Ln 123 – “appear to be linked”. The premise for this Part III would be far more convincing if a robust statistical correlation between cancellous bone architecture and locomotor biomechanics had been attempted in Part I.

Ln 146 – “a single characteristic posture”, and Ln 189 “best guess”. I question the degree to which any ‘evolutionary shifts’ in locomotor repertoire can be robustly identified, when based upon 3 models’ ‘characteristic posture’ but with no idea of intraspecific variation or modelling error.

If we refer to Figure 22B in Part I, we can see the considerable intraspecific variation present in the femoral head trabecular architecture of the chicken (in red). Indeed, the spacing between the two chicken samples appears roughly equivalent to the distance between the Troodon (Figure 22A green) and the Allosaurus + tyrannosaurids (Figure 22A purple), between which we are trying to identify these big evolutionary shifts. How confident can the authors be that these evolutionary patterns in posture would still hold given larger sample sizes and incorporating modelling error?

According to Table 1 in Part I, the authors microCT’d a second troodontid. How variable was the trabecular architecture between these two specimens? Why not repeat this modelling process with the second specimen and get a handle on how much intraspecific variation is present in the resulting ‘characteristic posture’?

Ln 328 – “modified appropriately”. Modified how? Scaled to match segment length?

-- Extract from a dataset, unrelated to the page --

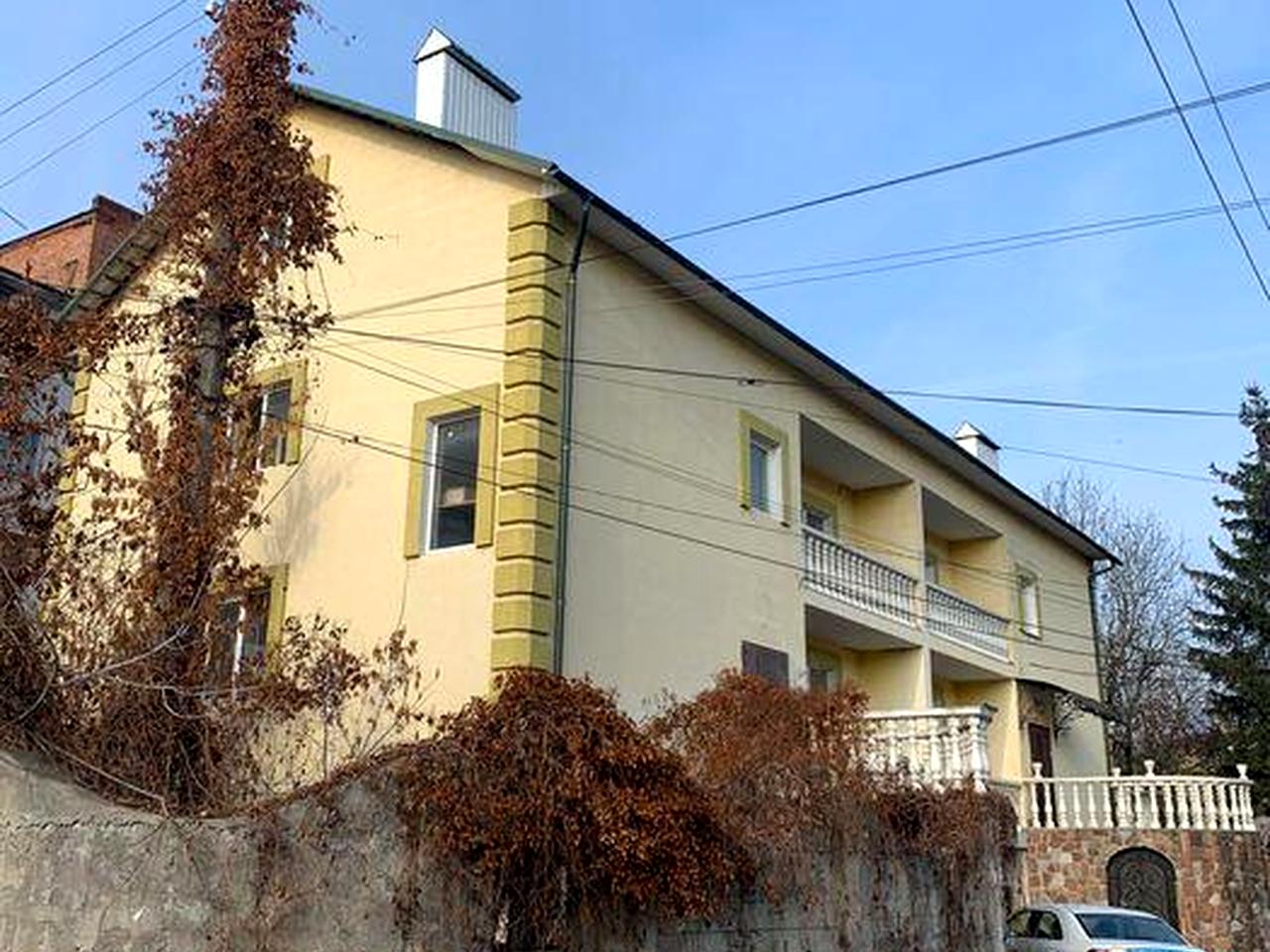 Продаю Будинок у м.Чортків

Ln 423 – “solution posture”. How was this decided on? When did the authors decide that convergence had been achieved? Looking at Fig 4 A-B, it appears that angular deviation converged much more in Daspletosaurus than Troodon. Do the authors believe that further convergence genuinely could not be achieved in Troodon, even if the modelling approach was more automated to facilitate an optimisation loop between MBDA output and FEA input? It seems unjust to compare the characteristic postures of the two fossils in an evolutionary context, when the modelling protocol has converged on a solution to a greater extent in one taxa than another.

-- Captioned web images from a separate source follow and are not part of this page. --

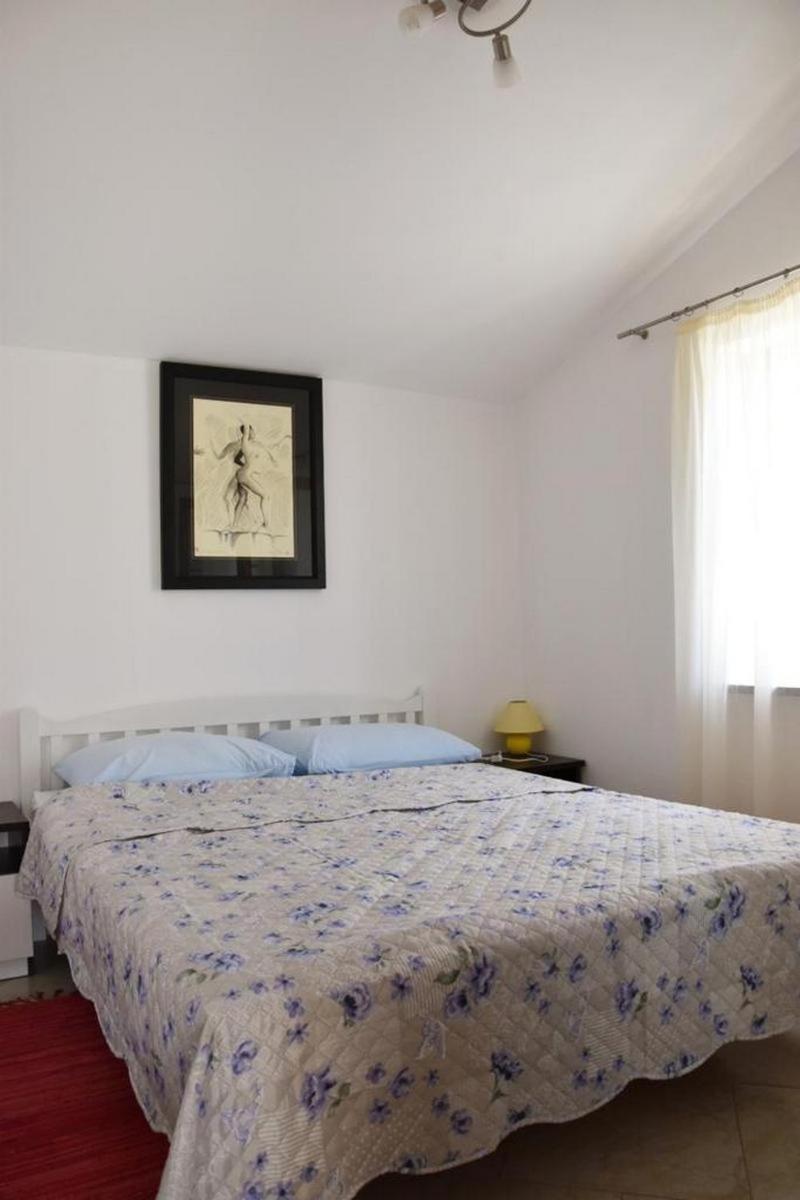 Two-Bedroom Apartment with Terrace and Sea View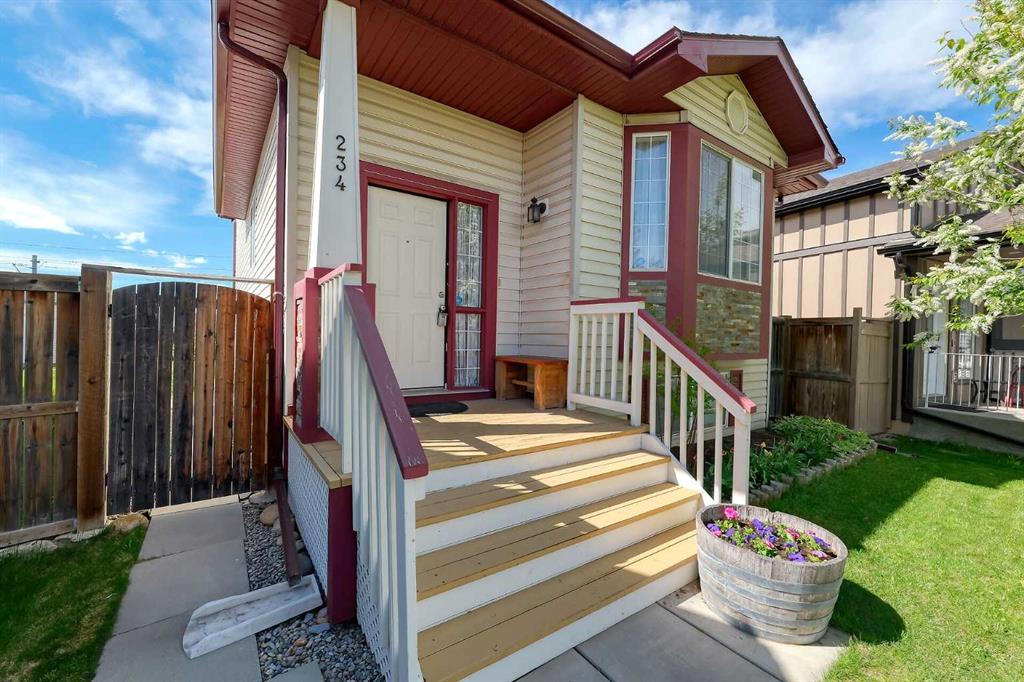 Picture for 234 Martinvalley Mews NE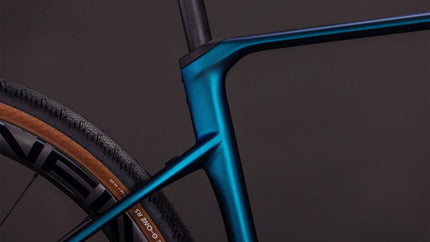 CUBE NUROAD C:62 RACE NEBULA/BLUE
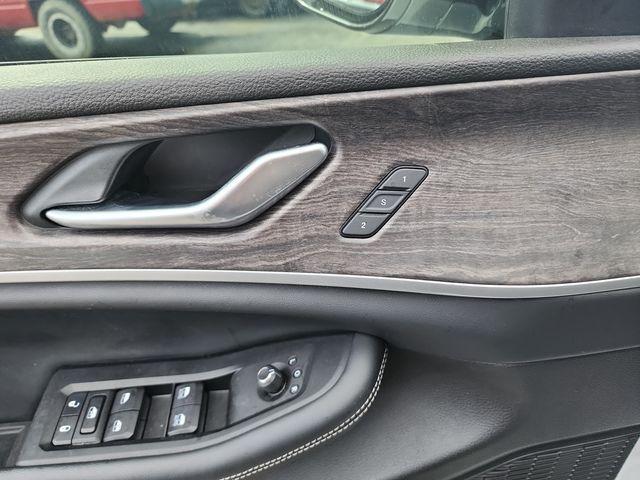 used 2023 Jeep Grand Cherokee L car, priced at $34,521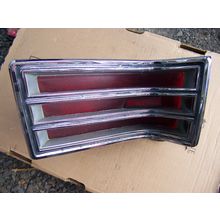 1967 CHRYSLER NEWPORT CUSTOM RH PASSENGER TAILLIGHT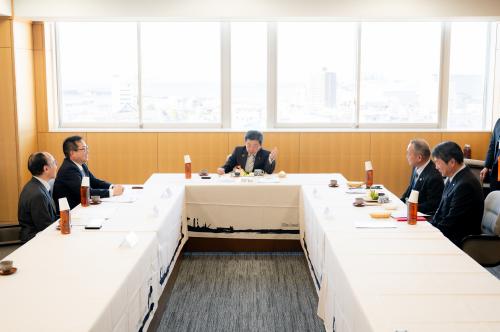 受賞報告の様子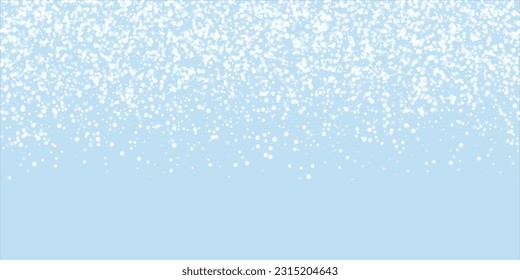 La caída de los copos de nieve hace el fondo de la navidad. Sutiles copos de nieve volando y estrellas en el fondo azul claro del invierno. Los copos de nieve que caían con belleza se superponen. Ilustración vectorial amplia.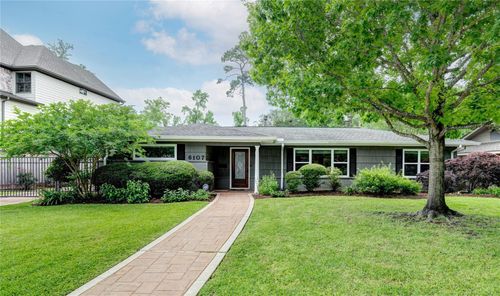 6107 Queenswood Ln, Houston, TX, 77008-6340 | Card Image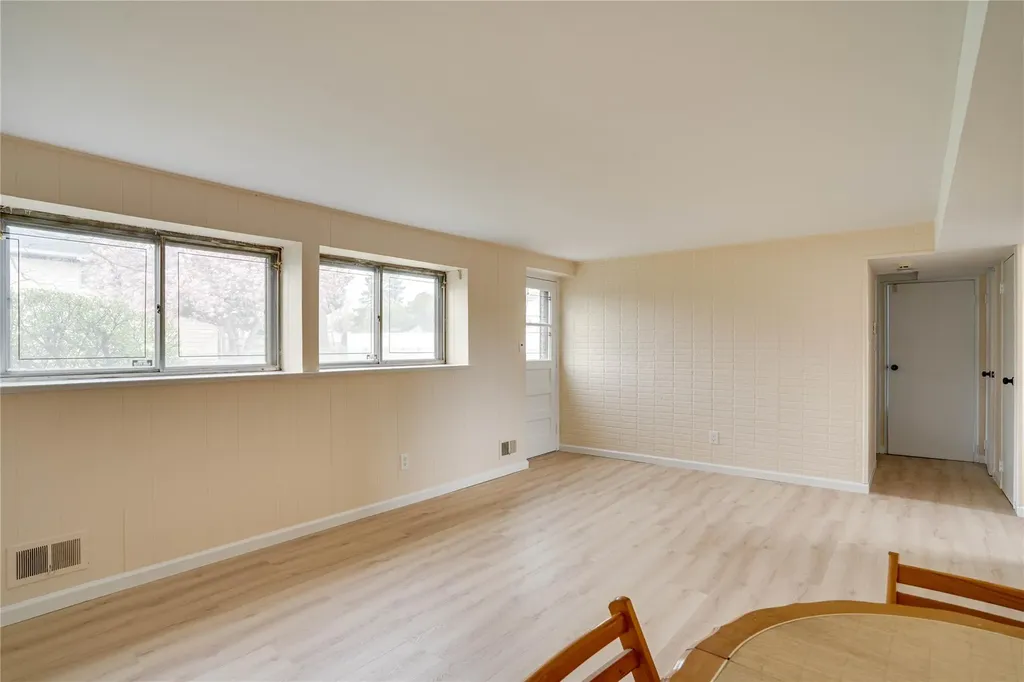 47 Bowling Lane Deer Park NY 11729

Ln 474 – How was this cylinder fitted? By eye? Least squares alignment?

Ln 515 – What postures where these? A table or a figure would be nice to visualise the suite of different postures attempted.

Ln 526 – How bad is ‘minimal correspondence’?

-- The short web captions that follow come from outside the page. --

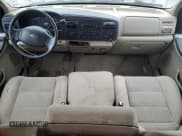 ✅ 2006 Ford F-250 XL • VIN: 1FTSX21526EB73931 • Лот: 90712985. Опубликован ранее на Copart с пробегом 129 548 миль. Бесплатный доступ к архиву аукционных продаж из США и подробный отчёт об истории автомобиля на DreamBid. Изображение 8.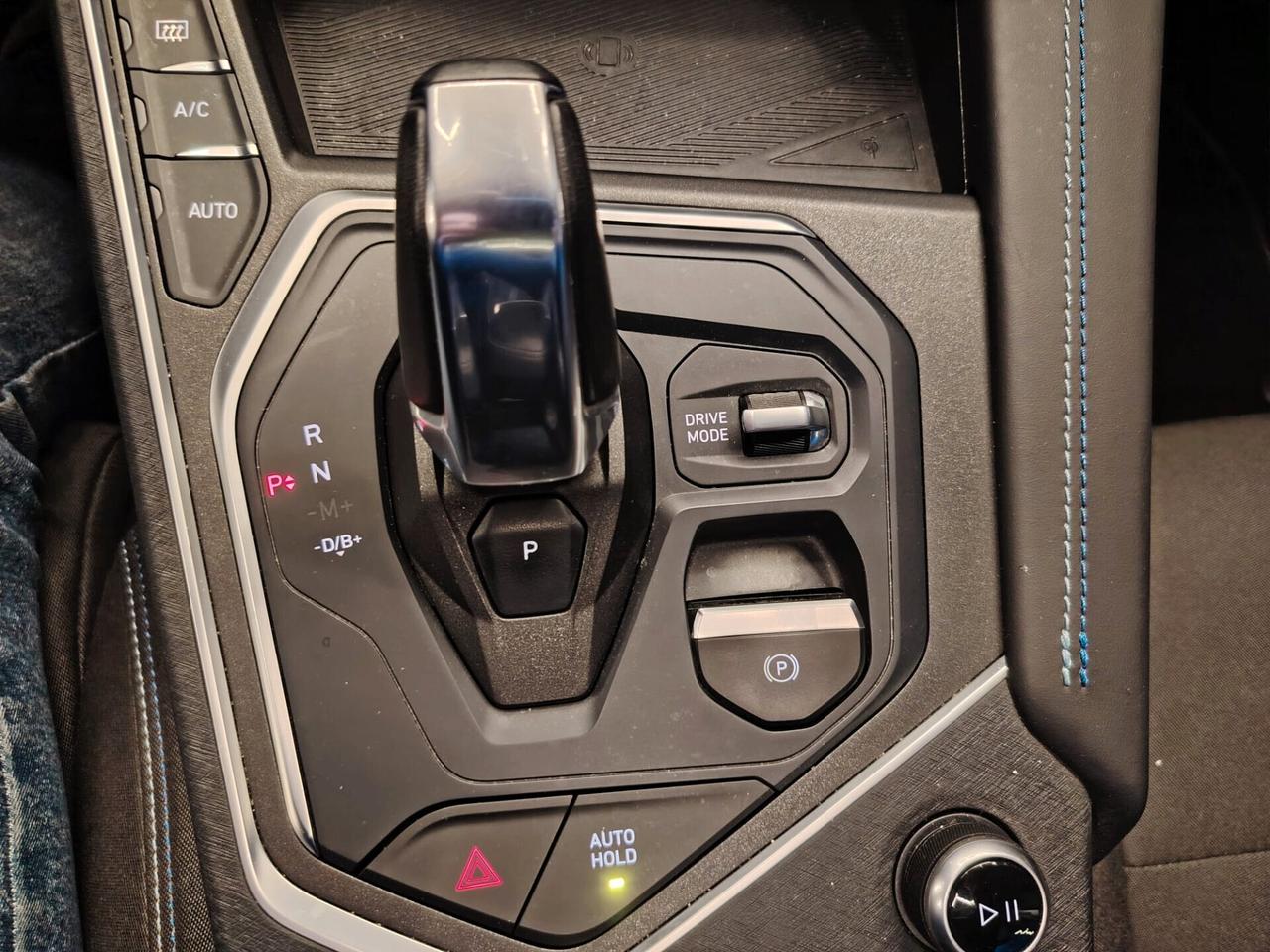 Lynk&co 01 PHEV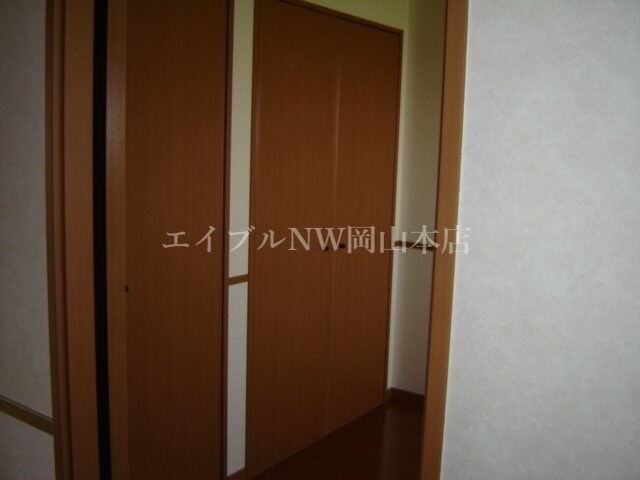 物件内観写真22　(収納)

Ln 550 – What were the actual angular deviations in the tibia and fibula?

Validity of the findings

In this paper, much is made of testing evolutionary hypotheses regarding posture and locomotor behaviour along the theropod line. The authors' conclusions hang on interpreting potential postural and muscle activation ‘shifts’ between the 3 models, from ‘basal’ Daspletosaurus to ‘derived’ Troodon, and then the modern chicken. The authors find that Daspletosaurus had a largely upright posture, whilst Troodon “is inferred to have been more crouched, although not to be degree observed in modern birds” (ln637).

However, if we look at Figure 22 of Part I, the green dot representing Troodon’s femoral trabeculae fabric falls easily within the cluster of points representing modern birds, as does the purple area representing Allosaurus and tyrannosaurids. The same is true for Figure 29 and the medial femoral condyle. Stereoplots of the tibia are not included so I can’t comment on them. So when the authors say in Part II (ln 738) “it has been shown that birds as a whole appear to demonstrate a largely consistent pattern of cancellous bone architecture in the femur”, surely this also has to include the two fossil taxa studied in Part III?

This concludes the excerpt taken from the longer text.